- Instructions to follow -
Word for word, please restate the lines from the beginning of the data through the line in which "Канцеларија за КиМ: Нови" appears.
Segment Start: Data excerpts
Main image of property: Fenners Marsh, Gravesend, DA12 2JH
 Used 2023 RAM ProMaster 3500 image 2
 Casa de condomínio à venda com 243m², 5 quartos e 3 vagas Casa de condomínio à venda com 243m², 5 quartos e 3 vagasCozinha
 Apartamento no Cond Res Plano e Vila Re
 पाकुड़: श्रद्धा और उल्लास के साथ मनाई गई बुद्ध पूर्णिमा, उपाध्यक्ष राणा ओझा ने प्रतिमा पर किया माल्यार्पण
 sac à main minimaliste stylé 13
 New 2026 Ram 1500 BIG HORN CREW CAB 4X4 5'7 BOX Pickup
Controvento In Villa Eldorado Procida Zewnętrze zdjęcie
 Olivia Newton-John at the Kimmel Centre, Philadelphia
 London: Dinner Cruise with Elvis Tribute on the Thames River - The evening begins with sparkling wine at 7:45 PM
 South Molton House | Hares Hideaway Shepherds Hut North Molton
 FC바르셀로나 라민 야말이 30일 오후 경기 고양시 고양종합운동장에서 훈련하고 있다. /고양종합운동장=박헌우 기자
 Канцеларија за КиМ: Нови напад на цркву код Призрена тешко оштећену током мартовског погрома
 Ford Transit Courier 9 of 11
Segment End: Data excerpts
- Solution for this exercise -
Main image of property: Fenners Marsh, Gravesend, DA12 2JH
 Used 2023 RAM ProMaster 3500 image 2
 Casa de condomínio à venda com 243m², 5 quartos e 3 vagas Casa de condomínio à venda com 243m², 5 quartos e 3 vagasCozinha
 Apartamento no Cond Res Plano e Vila Re
 पाकुड़: श्रद्धा और उल्लास के साथ मनाई गई बुद्ध पूर्णिमा, उपाध्यक्ष राणा ओझा ने प्रतिमा पर किया माल्यार्पण
 sac à main minimaliste stylé 13
 New 2026 Ram 1500 BIG HORN CREW CAB 4X4 5'7 BOX Pickup
Controvento In Villa Eldorado Procida Zewnętrze zdjęcie
 Olivia Newton-John at the Kimmel Centre, Philadelphia
 London: Dinner Cruise with Elvis Tribute on the Thames River - The evening begins with sparkling wine at 7:45 PM
 South Molton House | Hares Hideaway Shepherds Hut North Molton
 FC바르셀로나 라민 야말이 30일 오후 경기 고양시 고양종합운동장에서 훈련하고 있다. /고양종합운동장=박헌우 기자
 Канцеларија за КиМ: Нови напад на цркву код Призрена тешко оштећену током мартовског погрома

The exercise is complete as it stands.